Default Alive for B2B Founders: How I Actually Think About Runway
When people ask how “big” my companies are, I almost never answer with valuation. I answer with, “We’re default alive” or “We’re not yet.” That simple concept has driven more of my decisions as a founder than any growth hack. In B2B, if you can control your runway and revenue design, you control your stress.
Nov 23, 2025
Founder
5 min
Default Alive for B2B Founders: How I Actually Think About Runway
Most founders obsess over valuation. I care more about one thing: are we default alive or default dead? This is how I think about cash, pipeline, and sleep.
1. What “default alive” really means for a founder
For me, “default alive” is simple:
If we stop raising and just run the business, do we survive and grow?
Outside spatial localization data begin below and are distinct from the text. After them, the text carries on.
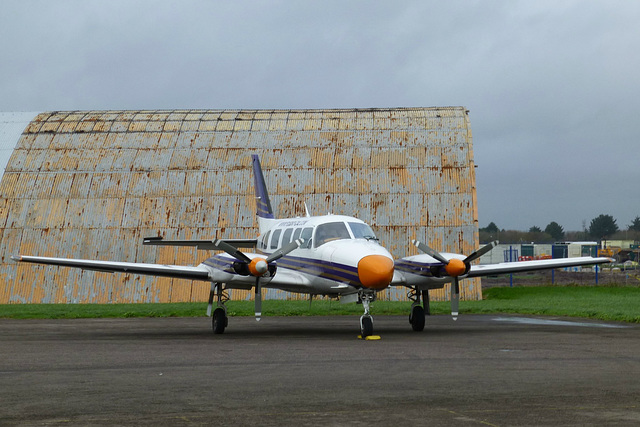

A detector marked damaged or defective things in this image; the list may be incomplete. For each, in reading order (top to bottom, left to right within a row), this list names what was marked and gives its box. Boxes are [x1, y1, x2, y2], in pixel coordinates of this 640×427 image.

rusty metal wall panel [1, 108, 480, 306]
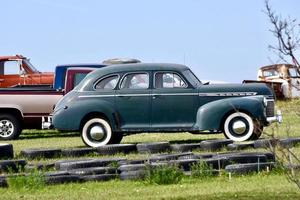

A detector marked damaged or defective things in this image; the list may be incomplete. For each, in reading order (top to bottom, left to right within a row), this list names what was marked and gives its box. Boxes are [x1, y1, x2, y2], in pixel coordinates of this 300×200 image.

rusty old truck [0, 54, 53, 86]
rusty old truck [244, 64, 300, 98]
rusty old truck [0, 63, 106, 140]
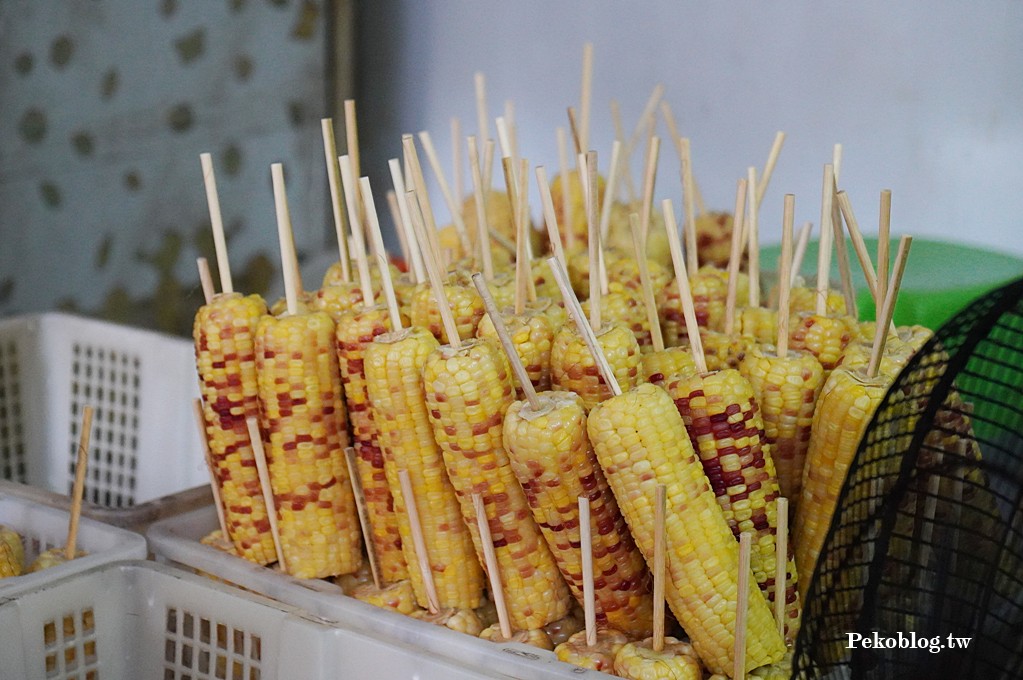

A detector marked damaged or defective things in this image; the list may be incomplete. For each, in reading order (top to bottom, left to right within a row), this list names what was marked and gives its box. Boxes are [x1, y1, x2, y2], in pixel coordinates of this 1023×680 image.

peeling paint wall [1, 1, 337, 335]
Not “can we survive if we slash everything and lay off half the team.”
I define it as:
Cash in bank ≥ 12 months of realistic burn
Pipeline + retention curves that are trending up, not flat
No “one customer” that can kill us if they churn
Everything else (press, vanity metrics) is noise on top of this.
2. My back‑of‑the‑envelope runway math
I don’t start with a spreadsheet. I start with three numbers:
Monthly burn
Realistic new MRR / revenue per month
Churn / contraction expectations
Then I ask:
If all new growth stopped, how long do we live?
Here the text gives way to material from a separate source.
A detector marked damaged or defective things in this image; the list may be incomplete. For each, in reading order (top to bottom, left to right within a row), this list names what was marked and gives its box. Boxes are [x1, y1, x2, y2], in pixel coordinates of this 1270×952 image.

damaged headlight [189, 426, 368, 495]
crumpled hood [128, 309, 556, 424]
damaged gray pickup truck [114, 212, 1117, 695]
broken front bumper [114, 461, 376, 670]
If growth slows by 50%, how long do we live?
What happens if our biggest customer leaves?
If those answers scare me, we don’t need a bigger round. We need different decisions.
3. Designing revenue so I can sleep
For B2B, I like “minimum reliable revenue” (MRR, but mentally):
Recurring contracts (12+ months where possible)
Diversified by customer size and segment
No single logo > 10% of total revenue
Practically, that means:
Fewer discounts in exchange for longer terms
More focus on expansion and upsell to existing customers
Less excitement about “whale” deals that distort the picture
The goal: smoothness beats peaks.
4. What I cut first (and what I refuse to cut)
If we’re not default alive, I cut:
Fancy tools the team isn’t deeply using
“Brand” experiments nobody can connect to pipeline
Internal projects that feel nice but don’t move core metrics
I don’t cut:
The people closest to revenue and product quality
Core infra that protects our reputation (deliverability, data quality)
My own visibility into numbers (reporting, finance help)
I’d rather take my own comp hit than starve the parts of the business that keep us alive.
5. Cadence: the anti‑panic system
I like a simple cadence:
Weekly: cash and pipeline snapshot
Monthly: full P&L review and “default alive / dead” status
Quarterly: reset plans based on reality, not wishful thinking
I share a version of this thinking every so often in my newsletter (vladsnewsletter dot com) so I can pressure‑test it with other founders.
6. A checklist for your next finance conversation
Before your next board or investor call, ask yourself:
How many months of runway do we have at current burn?
At 50% of our projected growth?
What % of our revenue comes from top 3 customers?
What spend can we kill without hurting product or pipeline?
What would it take to be default alive in 12 months?
If you can’t answer these without opening a 40‑tab spreadsheet, you don’t know your business yet. But you can.